Os letristas do nosso cancioneiro popular, como quaisquer outros que manipulem a palavra escrita, estão sujeitos a enganos semânticos. Este artigo não tem pretensões professorais e nem de longe pretende ferir susceptibilidades. É apenas um painel divertido dos tropeços dos nossos poetas da música, cometidos por desinformação ou incultura, alguns perfeitamente releváveis, porém outros capazes de doer nos tímpanos.

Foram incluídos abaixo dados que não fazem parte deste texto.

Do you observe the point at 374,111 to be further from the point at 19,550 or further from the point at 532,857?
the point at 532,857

Friso que essas escorregadelas não depõem em nada contra os nossos compositores. Muita gente famosa andou soltando disparates por aí. Cito vários: Eça de Queiroz falou em mudez taciturna; Aloísio de Castro em estátua escultural; Ataulfo de Paiva, referindo-se ao avião, chamou-o de viatura alígena; Luiz Delfino comparou as mãos da amada: louras como manteiga; Alberto de Oliveira encontrou águas úmidas; Alberto Faria assim descreveu o lança-perfume: etérea língua de áspide aromal. Feita a ressalva, vamos em frente. A LUA NOVA tem sido uma casca de banana para os poetas populares, que sempre a confundem com a lua cheia e se derramam em louvores. A lua nova é justamente a fase em que a lua, por estar entre o sol e a terra, fica com sua face escura, não sendo vista. Luis Iglésias, na canção Lua Nova, que compôs em 1928 com Francisco Alves, mostra que a geografia não foi o seu forte:
Pela janela transparecia
A lua branca, a lua NOVA
Muito espantada, vendo a alegria
Que transbordava da minha alcova.
Mais adiante reforça o desatino:
Pela janela eu vejo agora
A lua branca, a lua NOVA
Muito espantada, fitar de fora
Toda a tristeza da minha alcova.
O espanto também é nosso, pois alcova não tem janela. Parece que a gafe fez escola. J. Cascata e Manezinho Araujo (ele mesmo, o Rei das Emboladas, já fez suas incursões românticas) compuzeram a bela Mágoas de um trovador, onde mais uma vez a lua nova é badalada:
Linda no céu, no auge do esplendor
Mais uma prova, que a lua NOVA
Nunca esquece um trovador.
Ela ressurge na canção Pastorinhas do Amor:
No pranto auri-fulgente (?) da saudade
Até a lua NOVA nunca mais brilhou!
No carnaval de 1965, Paquito e Romeu Gentil também a convocam:
Eu já vi a lua NOVA
Só me falta ver a cheia.
Luis Vieira, na bonita Guarania da Lua Nova, cria duas românticas:
Plantado na lua NOVA do penar
O tempo vai passando
E eu vejo o desejo da reconciliação
Meu medo é não saber se ela tem no peito
A lua NOVA do perdão.
Apareceu com Edu Lobo e Torquato Neto:
É lua NOVA, é noite derradeira
Vou passar a vida inteira esperando por você…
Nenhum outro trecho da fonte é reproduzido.